Speech Perception

The speech waveform of humans is quite complex and the ability of humans to understand and generate these waveforms is rather amazing. Like other environmental sounds, speech carries extensive information about its source (i.e., physical characteristics of the speaker). Unlike many other environmental sounds, speech also contains a wealth of information of an abstract nature (i.e., the intended message of the speaker). To develop a cohesive model of the processes involved in speech communication, one needs to integrate research from auditory psychophysics, cognitive psychology, linguistics, neurophysiology, cognitive development, and the philosophy of the mind. Our work on speech perception embraces this interdisciplinary approach. Some of the questions that we are concerned with are: How do humans quickly (and seemingly effortlessly) match the variable and complex waveform of speech to words in their vast mental lexicon? How do infants and second-language learners come to perceive speech sounds in a linguistically-relevant manner?
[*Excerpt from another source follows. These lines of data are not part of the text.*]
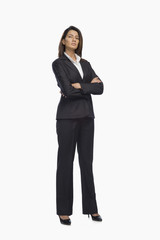 Obraz premium Portrait of a businesswoman standing with her arms crossed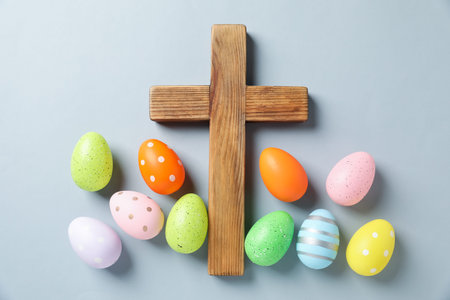 Wooden cross and painted Easter eggs on light gray background, flat layの写真素材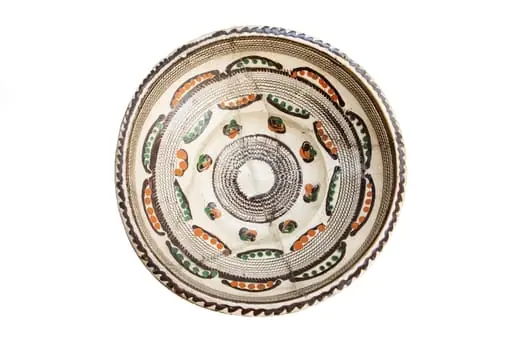 Formă tronconică; fond alb fildeșiu; pe fundul vasului este dispusă o bandă circulară lată decorată cu motivul specific centrului: pînza de păianjen - realizată prin tehnică jirăvirii cu gaița, încadrată de boboci de floare stilizați, colorați în verde și cărămiziu și linii ușor curbate care au interior puncte de culoare cărămizie, respectiv: verde. Pe umărul vasului este dispusă o altă bandă circulară jirăvită cu motivului pînzei de păianjen care prezintă în exterior linii curbe similare cu cele descrise mai sus. Întreaga compoziție sugerează un soare stilizat. Buza este decorată cu un val circular de culoare brună. Piesa reprezintă una dintre primele achiziții ale lui Alexandru Tzigara Samurcaș. Folosită la decorarea interiorului țărănesc în așa numita - cameră bună
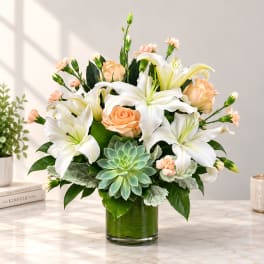 White lilies and peach roses in a glass vase with a succulent accent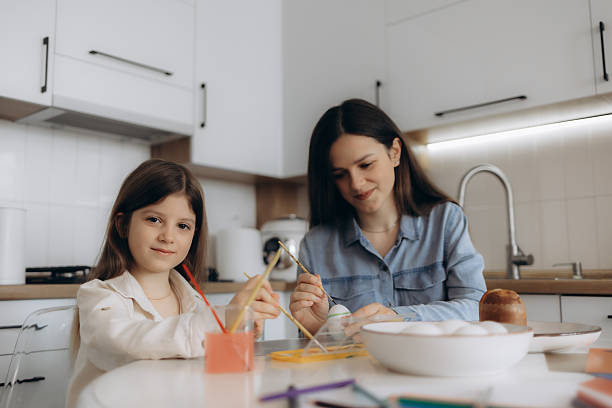 istock Mother and Daughter Painting Eggs Together in a Bright Kitchen 2204522507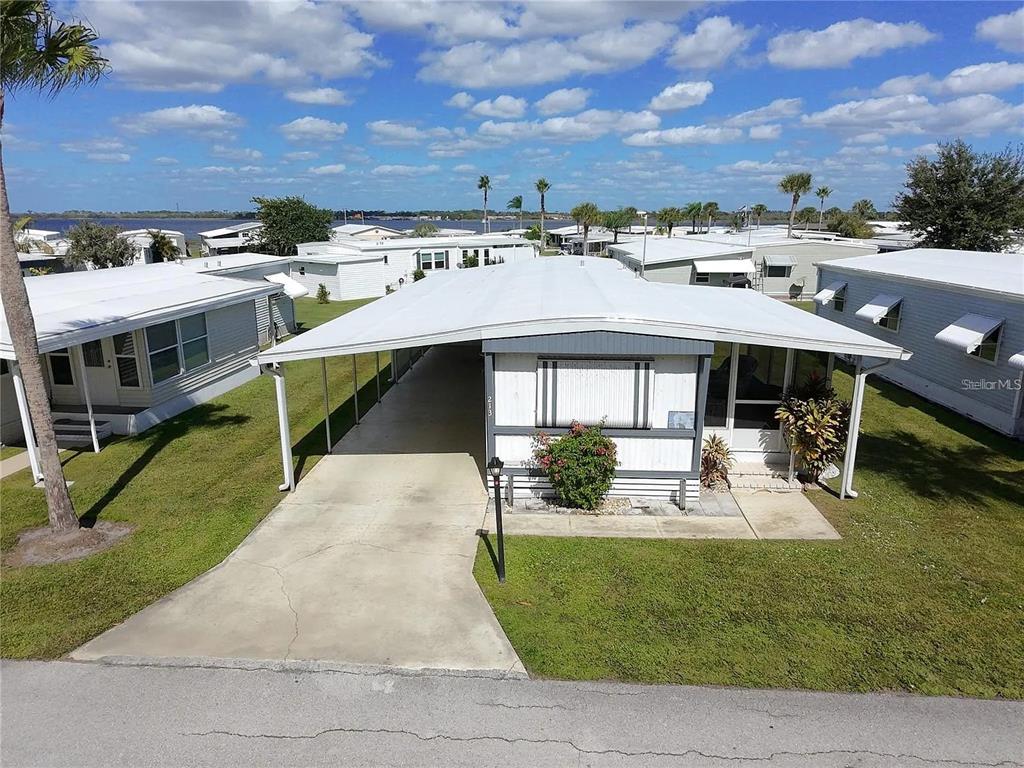 An elevated view of a manufactured home with a carport and a metal roof — 213 LAKESIDE RANCH CIRCLE, WINTER HAVEN, FL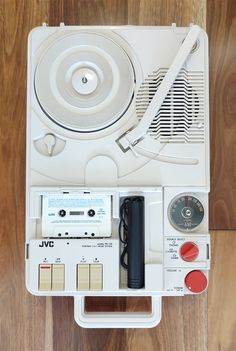 an electronic device sitting on top of a wooden floor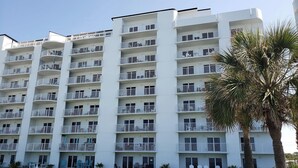 Un hotel de varios pisos con balcones, mobiliario exterior y una palmera.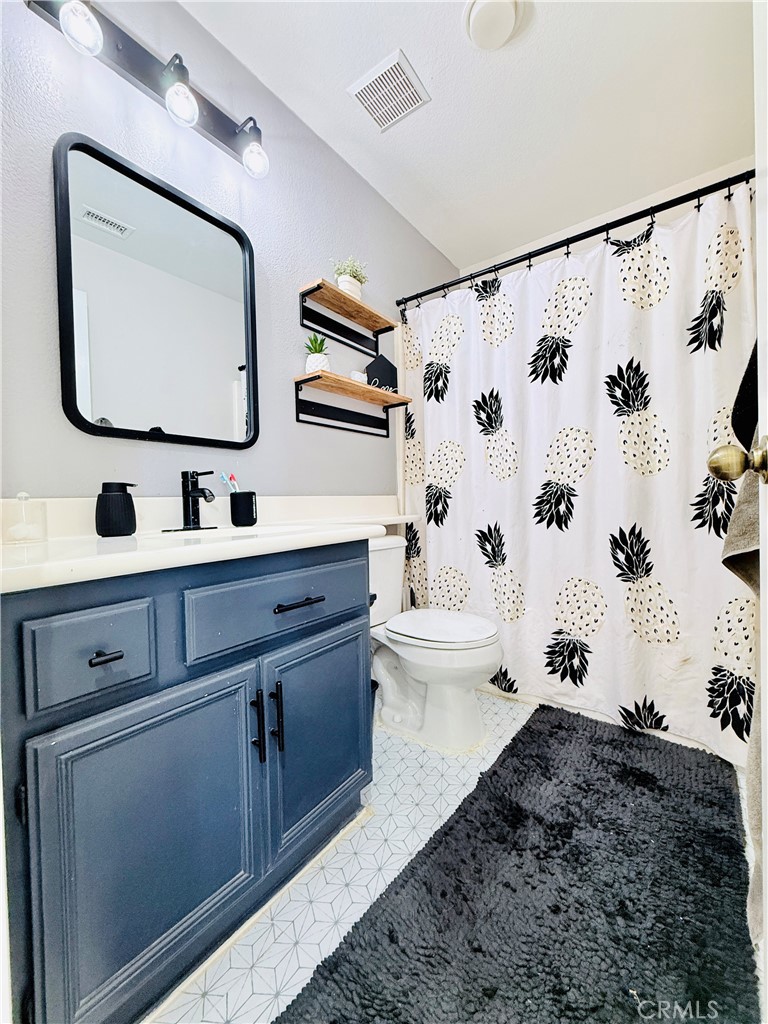 1652 Apollo Way Beaumont, CA 92223 - Photo 18 of 25 a bathroom with a toilet sink and mirror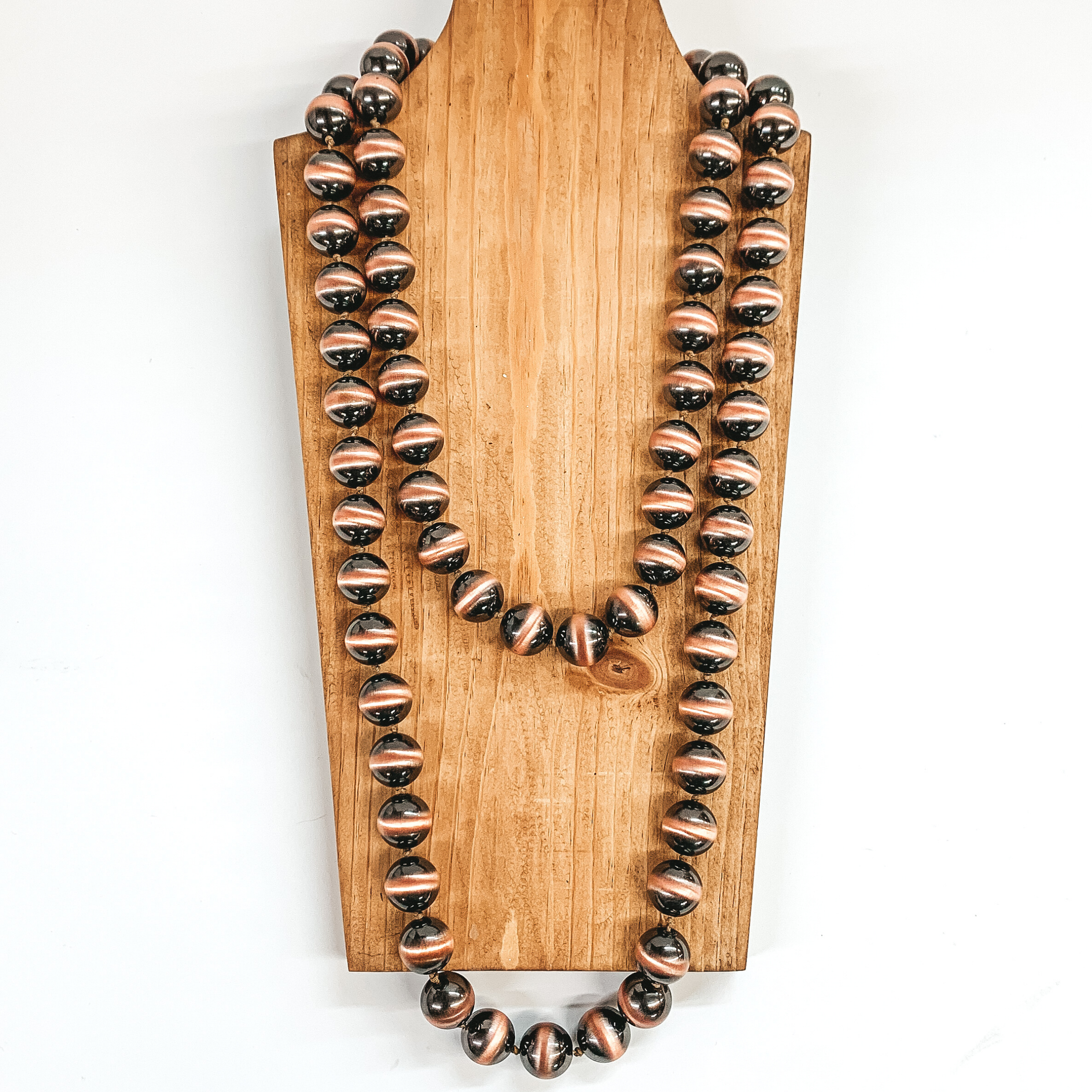 Copper beaded necklace that is pictured on a brown necklace holder on a white background.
How does the auditory system constrain the representation of speech sounds?

Our minds are filled with words – many thousands of them in fact. The processes responsible for finding those words unfold in mere thousandths of a second. While the selection process feels effortless, there are many obstacles for the spoken language system to overcome. One set of important questions concerns the form in which speech information gets stored and how it activates entries in the lexicon. It is a stunning feat that we can find a handful of contextually appropriate words, in an array of thousands, as we construct a sentence; after all, some words sound alike and so are easily confused with one another (two words in this sentence begin with ‘con’ for example), and others are infrequently used and so seemingly stored out of the way. By priming words with speech-like stimuli constructed to isolate specific factors (such as amplitude modulation, used for auditory grouping, or sinewave synthesis, used to track and capture perceptually salient frequencies in speech), we can determine which aspects of the signal activate the words stored in our lexicon. Together with other members of the Parmly Hearing Institute, Dr. J.D. Trout has adapted routines for generating and presenting these speech-like stimuli for the purpose of probing the organization of the lexicon.
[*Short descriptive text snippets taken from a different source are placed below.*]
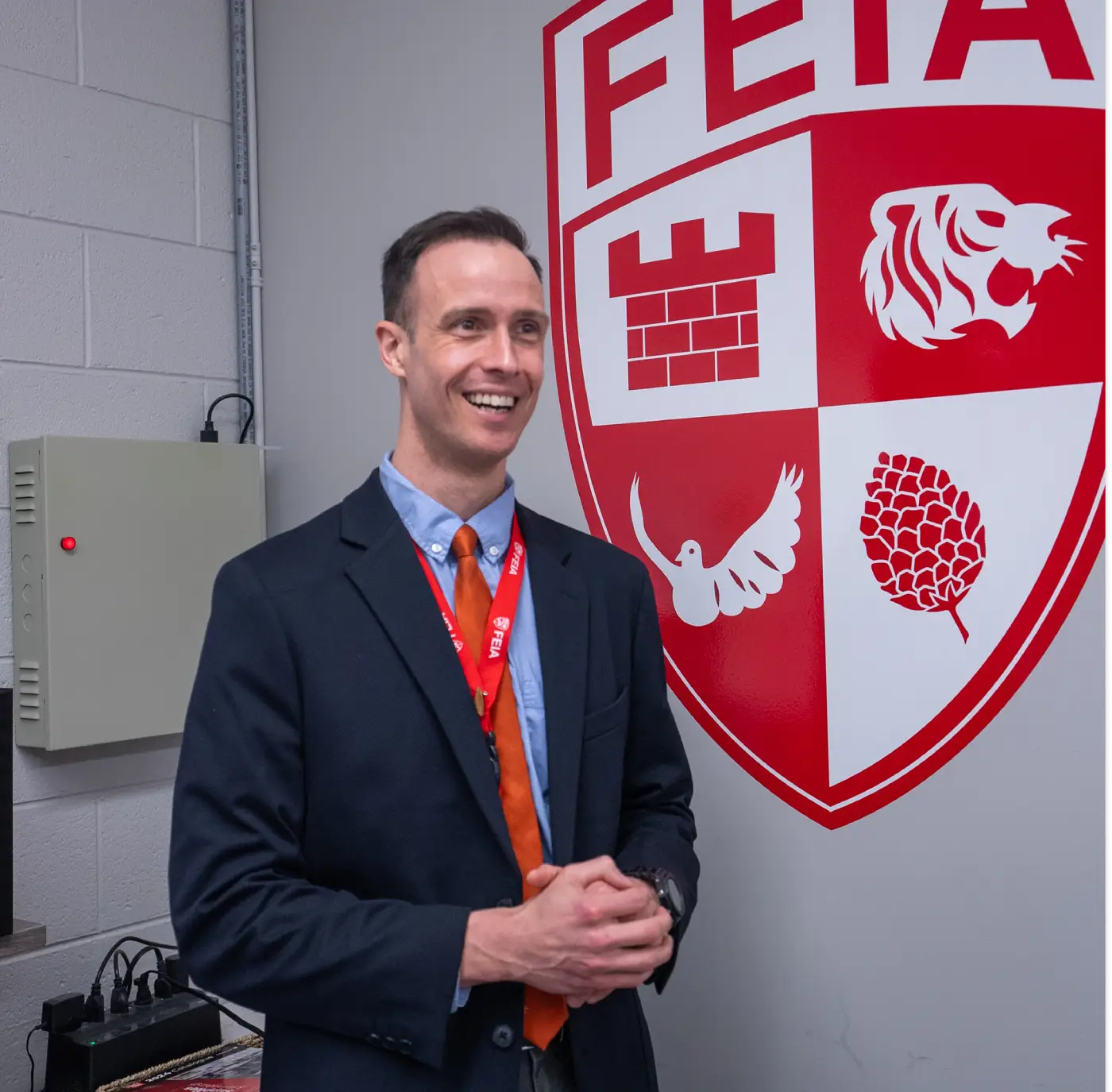 Man in a suit smiles while standing next to a red and white emblem on a wall.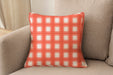 Decorative pillow upholstered in Revolution Performance Fabric Denmark Mango, featuring a warm orange plaid pattern with layered vertical and horizontal bands that create a classic, tailored aesthetic. The performance construction makes it ideal for everyday family-friendly living.
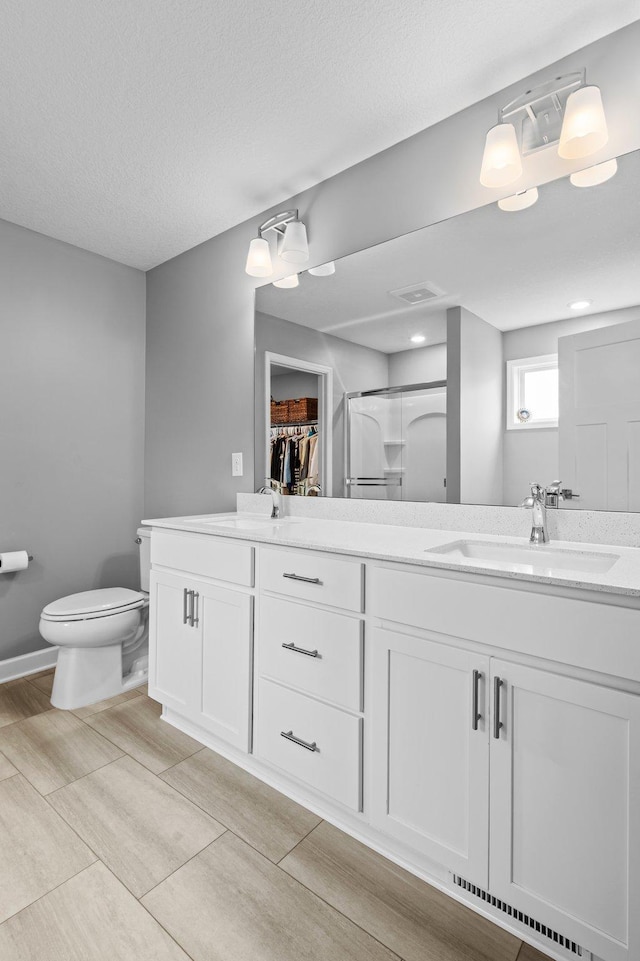 9842 51st St NE, Saint Michael, MN 55376 - bathroom featuring double vanity, toilet, a stall shower, and a spacious closet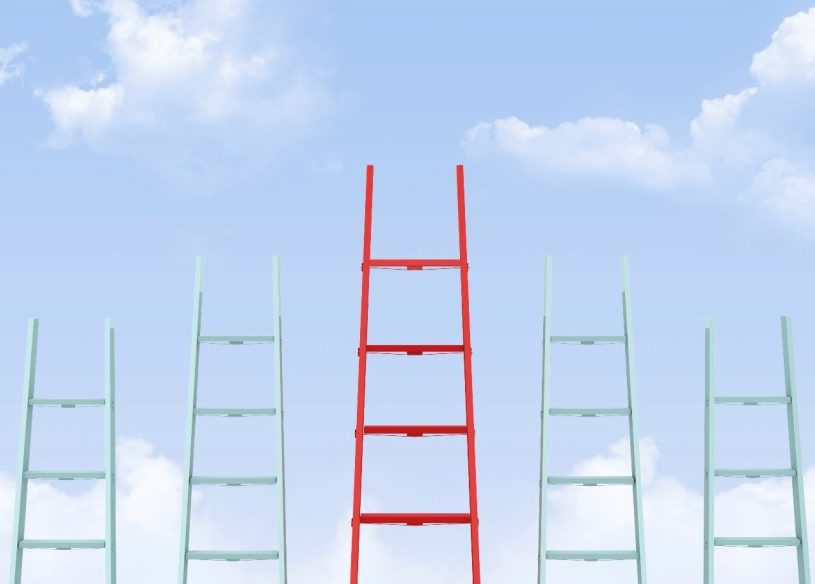 Cinco escaleras con una roja más alta en el medio sobre un fondo del cielo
Another theoretically interesting feature of speech perception is the human listener's sensitivity to the phonetic form of spoken words. The perception of speech requires that listeners extract a stable phonetic percept from a variable speech signal. The same word can be uttered at different rates, by different voices, in different dialects. One source of variation in the signal derives from talker-specific vocal details. In fact, no two utterances of the same word are acoustically identical, even when repeated by the same talker; they may differ in rate and specific vocal quality, for example. Sources of within-talker variability are breathy/creaky voice quality, shifting formants, fundamental frequency of phonation, changing speaking rate, variable degrees of articulatory undershoot, and imperfect repetition across tokens of the same articulatory gesture. Because there is now evidence that we encode specific vocal characteristics of individual talkers, the repetition priming of a particular talker's distinct utterance of the same word allows us to examine the fineness of grain in the phonetic representation to which a listener is sensitive. Dr. Trout is currently examining these questions about the lexicon’s input and organization. He has published work on auditory-visual influences on phonemic restoration, and on the perceptual impact of fundamental frequency declination.
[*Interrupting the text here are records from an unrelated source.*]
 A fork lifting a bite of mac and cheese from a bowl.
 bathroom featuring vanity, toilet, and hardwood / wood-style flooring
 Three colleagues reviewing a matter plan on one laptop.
So, the task for a human adult listening to speech from their native language is rather complex. Now consider the daunting task for infants learning their first language or adults learning a second language. Some of the variance in the acoustic input that they receive is directly relevant to the intended message of the speaker. Other variance in the input, however, is the result of extra-linguistic influences such as the particular structure of the speaker’s vocal tract. Thus, the task for the language learner is to discriminate some of the acoustic variance and to treat the remaining, potentially discriminable, variance as functionally equivalent. In other words, the language learner must create auditory categories that map the linguistically relevant distinctions for the particular language they are attempting to learn. Dr. Andrew Lotto and his students have developed a paradigm for teaching categories of non-speech sounds to adults. These auditory categories have some of the complexity of speech. By exploring the results of manipulating various parameters of the training sets, Dr. Lotto and his students hope to gain some insight into the processes that lead to the learning of linguistic categories (like phonemes). These data will have practical implications for training second-language learners.

In addition to the important role played by experience and categorical processes, the operating characteristics of our perceptual systems must constrain our representations. Dr. Lotto has done quite a bit of empirical work in the last several years examining context effects in speech perception. He has demonstrated that these context effects can be obtained in humans with non-speech sounds with characteristics similar to speech sounds. These results have suggested that the auditory system constrains the representation of speech sounds in meaningful ways and that our current communication system (speech) and the sound inventories of the world’s languages take advantage of the operating characteristics of our auditory system.